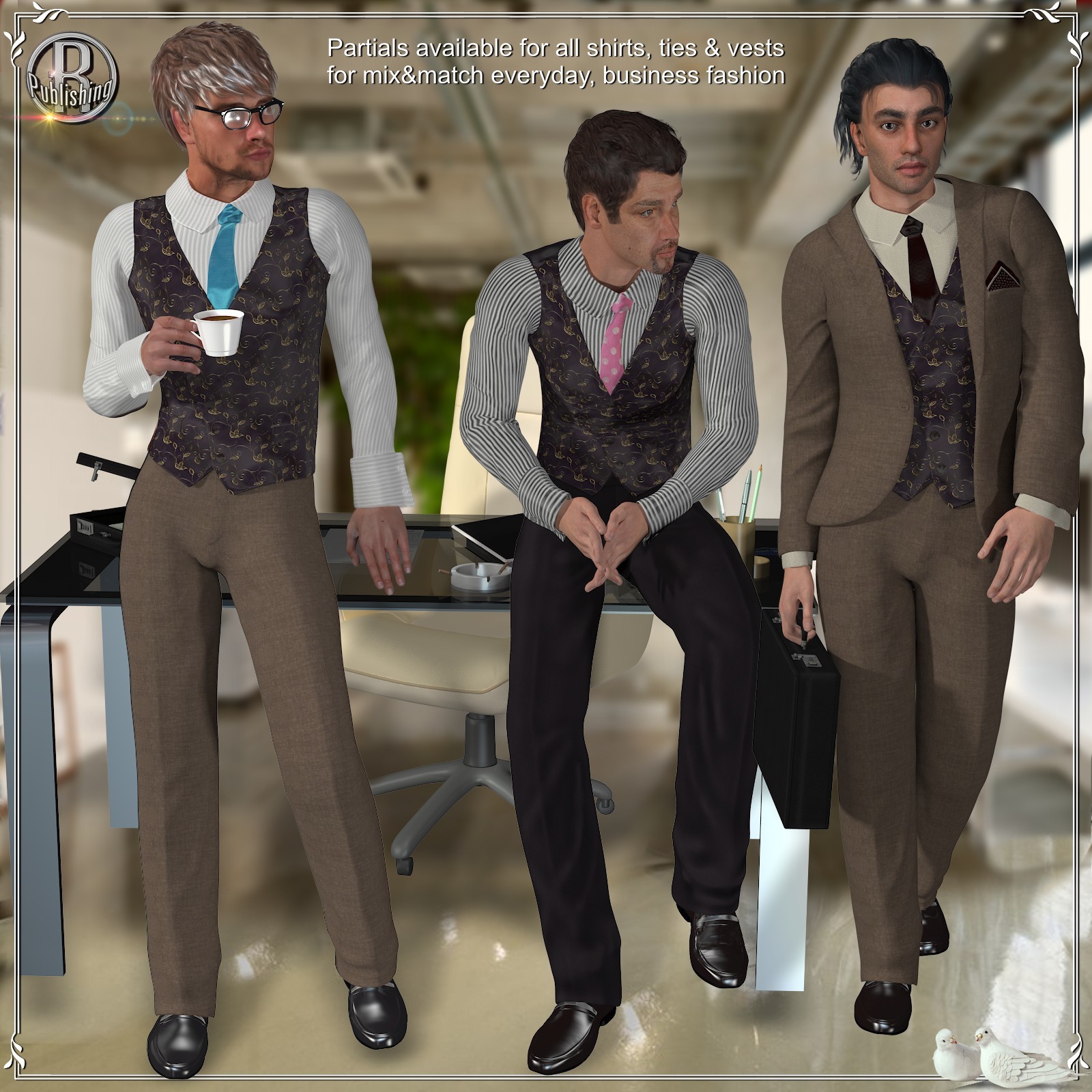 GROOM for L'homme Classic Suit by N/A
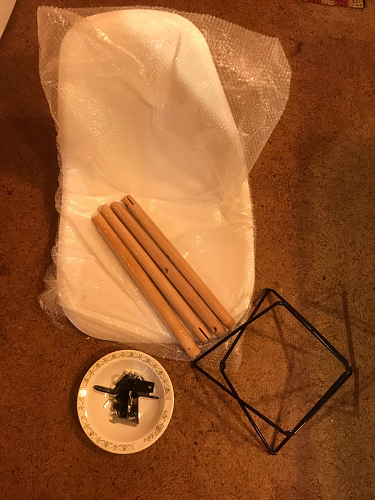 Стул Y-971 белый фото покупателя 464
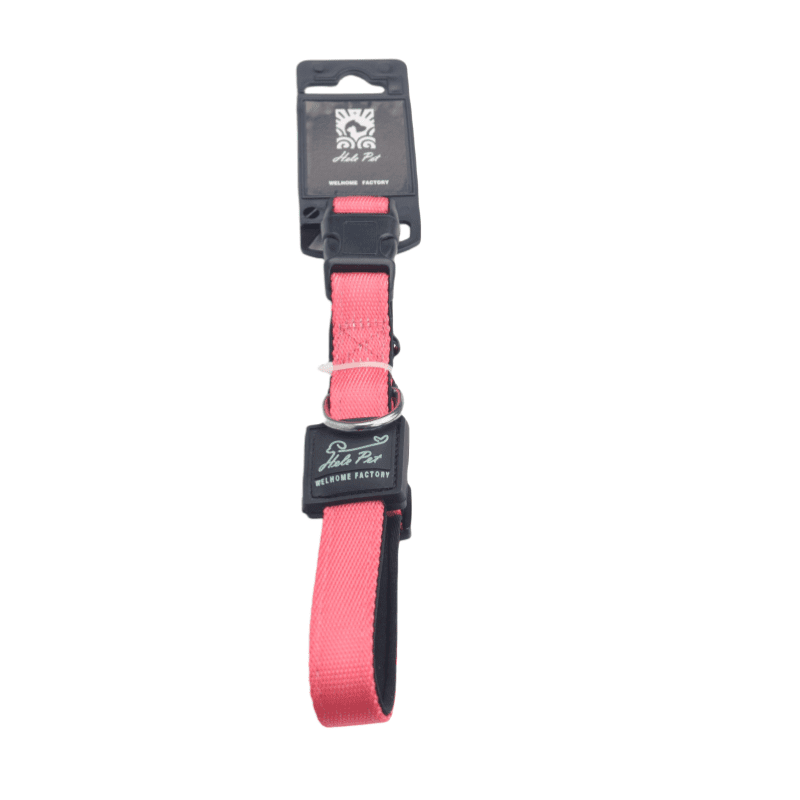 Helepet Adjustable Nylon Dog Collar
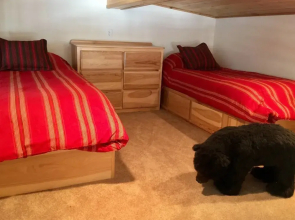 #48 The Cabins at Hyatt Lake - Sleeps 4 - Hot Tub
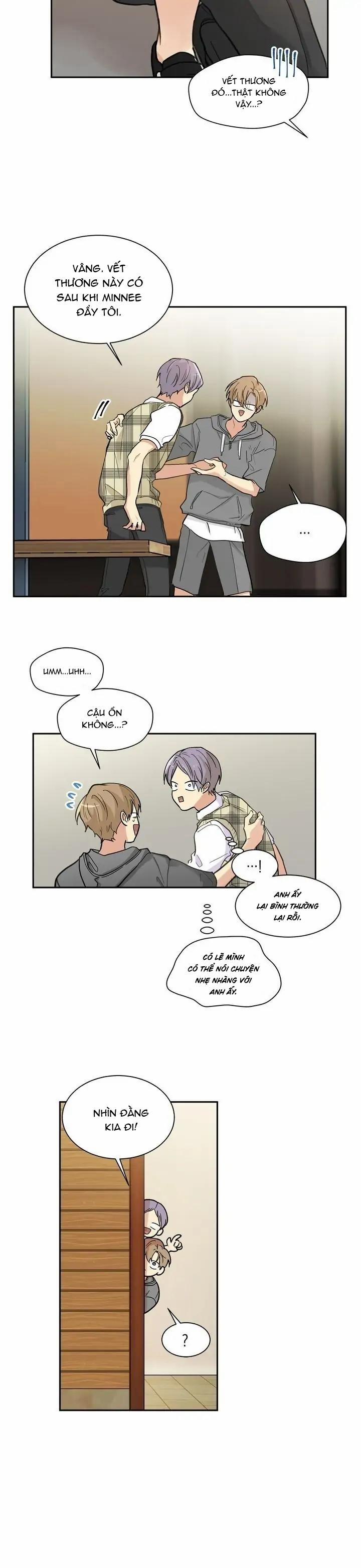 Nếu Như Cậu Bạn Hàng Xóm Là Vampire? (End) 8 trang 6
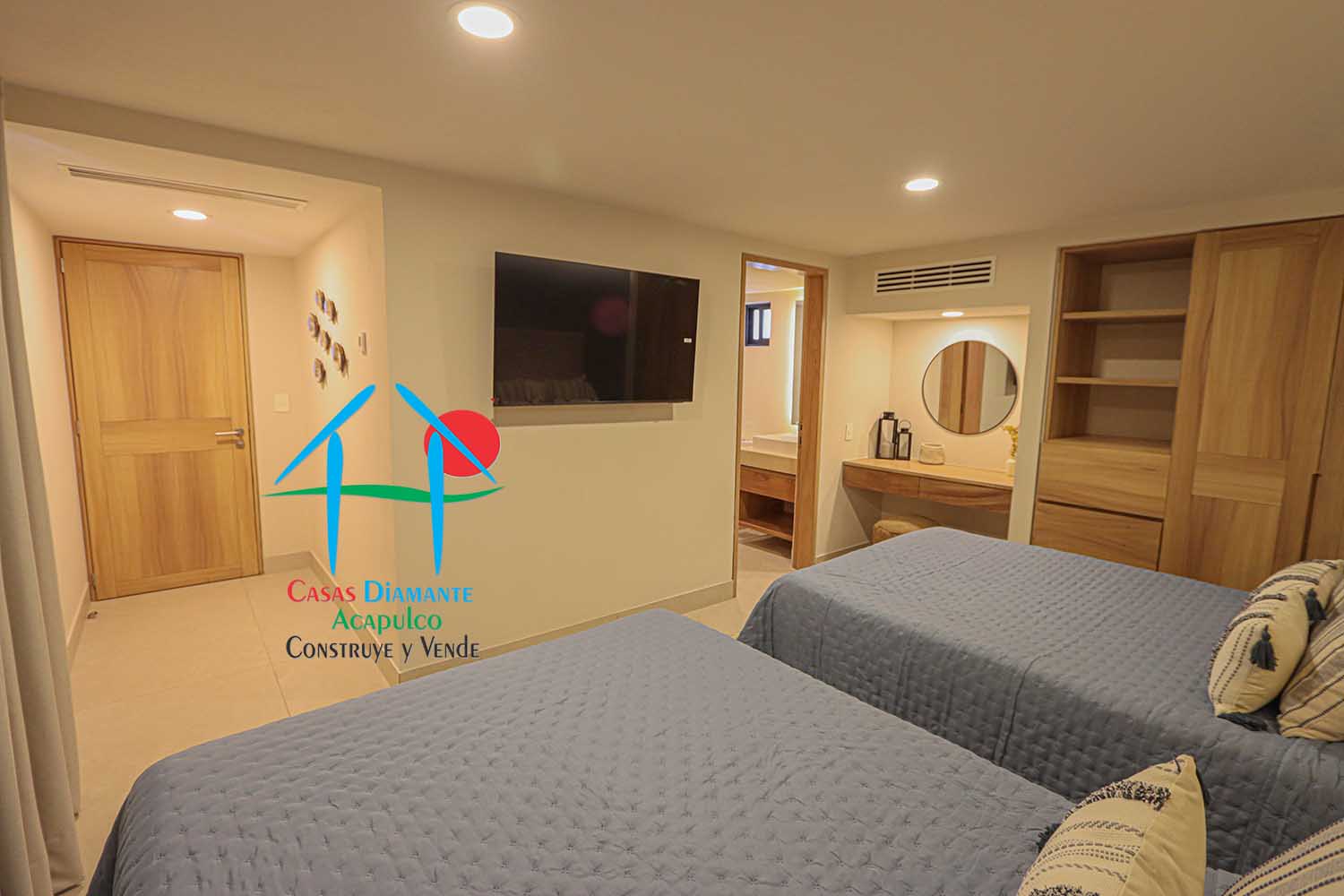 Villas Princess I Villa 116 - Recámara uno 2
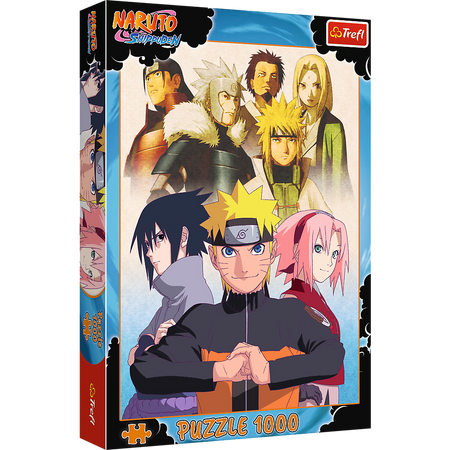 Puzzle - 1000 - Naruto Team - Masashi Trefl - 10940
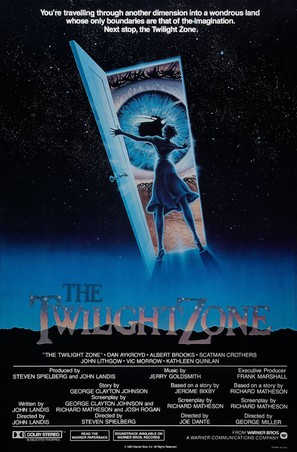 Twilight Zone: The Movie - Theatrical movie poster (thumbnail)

__________________________________________________

◆ **WORK ITEM**
Restate every line of the listing exactly. Pictures are not part of the copy.

◆ **TASK RESPONSE**
 GROOM for L'homme Classic Suit by N/A
 Стул Y-971 белый фото покупателя 464
 Helepet Adjustable Nylon Dog Collar
 #48 The Cabins at Hyatt Lake - Sleeps 4 - Hot Tub
 Nếu Như Cậu Bạn Hàng Xóm Là Vampire? (End) 8 trang 6
 Villas Princess I Villa 116 - Recámara uno 2
 Puzzle - 1000 - Naruto Team - Masashi Trefl - 10940
 Twilight Zone: The Movie - Theatrical movie poster (thumbnail)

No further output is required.